Des ventes exceptionnelles, des estimations doublées, des nouveaux clients: à Hong Kong, New York ou Londres, les grands crus continuent à s'arracher dans les salles de ventes des plus grandes maisons d'enchères.

«Cinq mille, 5200, 5500, 5800, 6000..., 6800, 7000...»: dans la bouche du commissaire priseur, les milliers de livres roulent à une vitesse que l'affichage sur écran géant ne peut pas suivre.

Un coup de tête discret, une oeillade imperceptible ou la main levée d'un intermédiaire relié par téléphone à un mystérieux interlocuteur, puis le commissaire lève son marteau et d'un coup sec, la bouteille de château Cheval Blanc 1947 est adjugée 9430 livres (plus de 17 000$). C'est près du double de sa fourchette d'estimation (4000 à 5000 livres).

Il n'aura fallu que quelques heures à la maison Sotheby's, à Londres, pour écouler un millier de bouteilles du Grand Cru Classé A de St-Émilion, dont des millésimes allant jusqu'à 1900. La somme totale de la vente, organisée mercredi, a atteint plus de 640 000 livres, soit le double de l'estimation; 100% des lots ont été vendus.

Un dynamisme surprenant en ces temps de crise. La consommation mondiale de vin a diminué en 2008, une atonie qui touche jusqu'aux plus grands noms. Les Lafite-Rothschild, Margaux ou autres Mouton-Rothschild ont annoncé des prix en forte baisse pour leurs primeurs 2008, de l'ordre de 50% par rapport à 2007.

Mais les salles de ventes, elles, ne semblent pas concernées.

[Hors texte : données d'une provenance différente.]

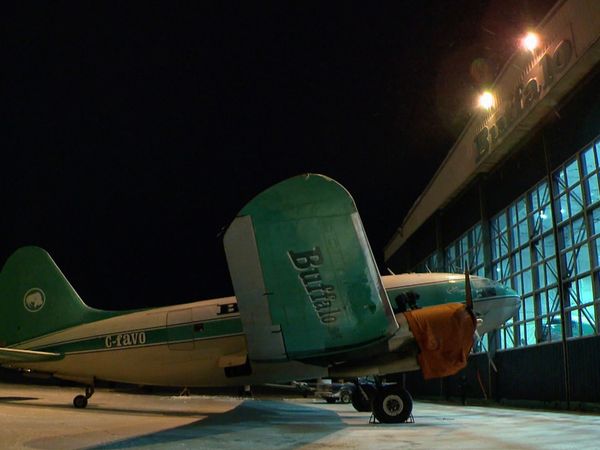 Pilotos Del Ártico - Aeroplano de Nieve
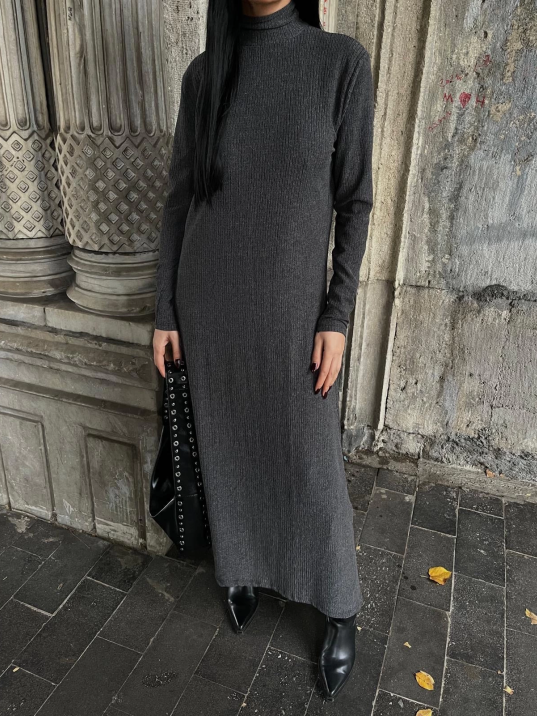 Boğazlı kalın bürümcük uzun elbise siyah Boğazlı kalın bürümcük uzun elbise siyah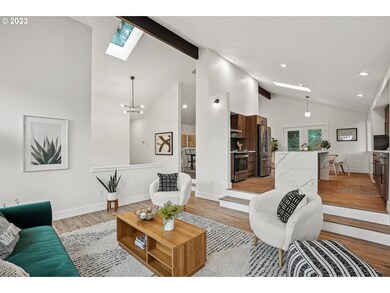 13991 Majestic Ct, Lake Oswego, OR 97035 - photo 6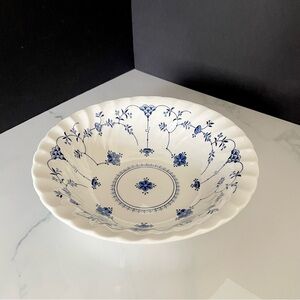 9" Finlandia Serving Bowl by Churchill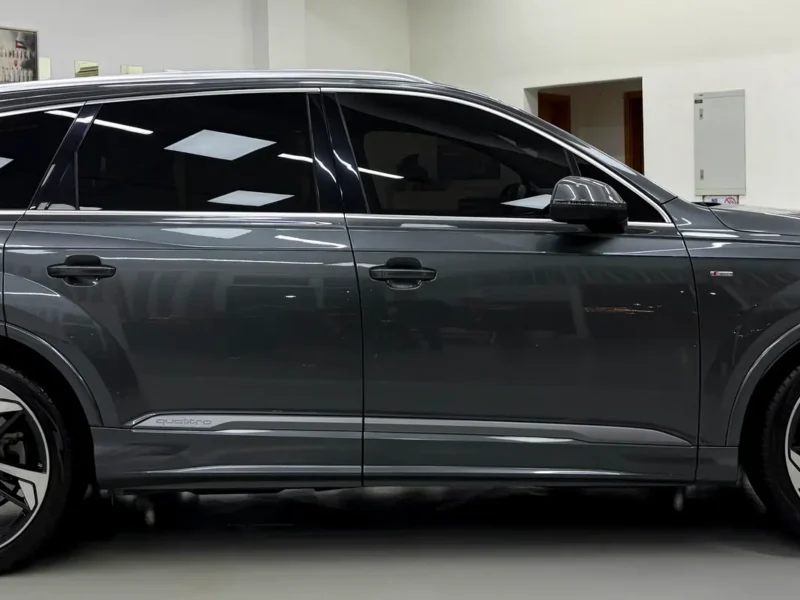 2021 Audi Q7 55 TFSI quattro S line 3.0-liter turbocharged V6 Petrol Engine Grey Black SUV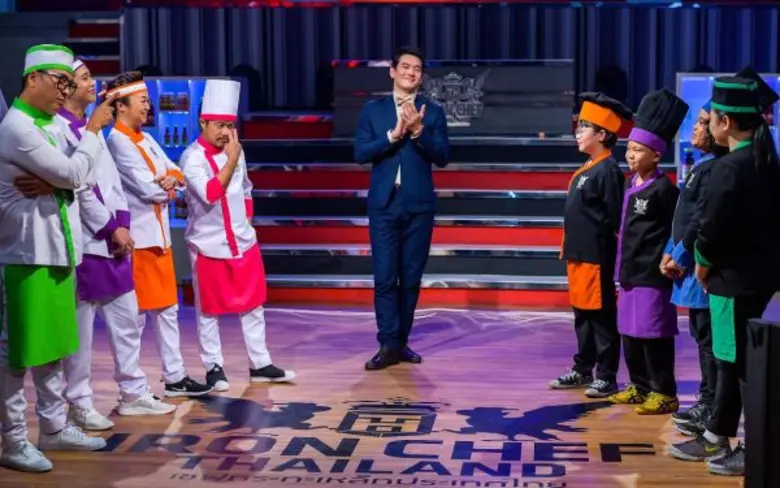 เชฟกระทะเหล็ก ประเทศไทย (Iron Chef Thaila...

«La crise ne nous a pas vraiment touchés», résume Serena Sutcliffe, directrice internationale du département vin chez Sotheby's. Le vent de panique qui a soufflé sur les marchés boursiers à l'automne dernier a poussé les maisons à revoir à la baisse les estimations, «autour de 20%», reconnaît Mme Sutcliffe. Mais cette «stabilisation» des prix, après les envolées précédentes, a fait venir «beaucoup de nouveaux clients, comme s'ils avaient eu peur d'entrer dans le marché auparavant», a-t-elle expliqué à l'AFP.

Entre 94% et 100% des lots ont ainsi été vendus lors des récentes enchères de vin chez Sotheby's à New York, Londres, ou Hong Kong.

Les chiffres sont semblables chez les concurrents. Une vente Christie's organisée à Londres en avril a permis d'écouler 100% des lots pour 1,3 million de livres (2,4 millions de dollars). Des caisses de 12 bouteilles de Lafite Rothschild 1982 ont alors trouvé preneur pour 23 000 livres (42 000$), soit 50% au-dessus de l'estimation haute. «Les prix ont retrouvé leurs niveaux de la mi-2008», se félicitait à l'époque Chris Munro, directeur des vins chez Christie's à Londres.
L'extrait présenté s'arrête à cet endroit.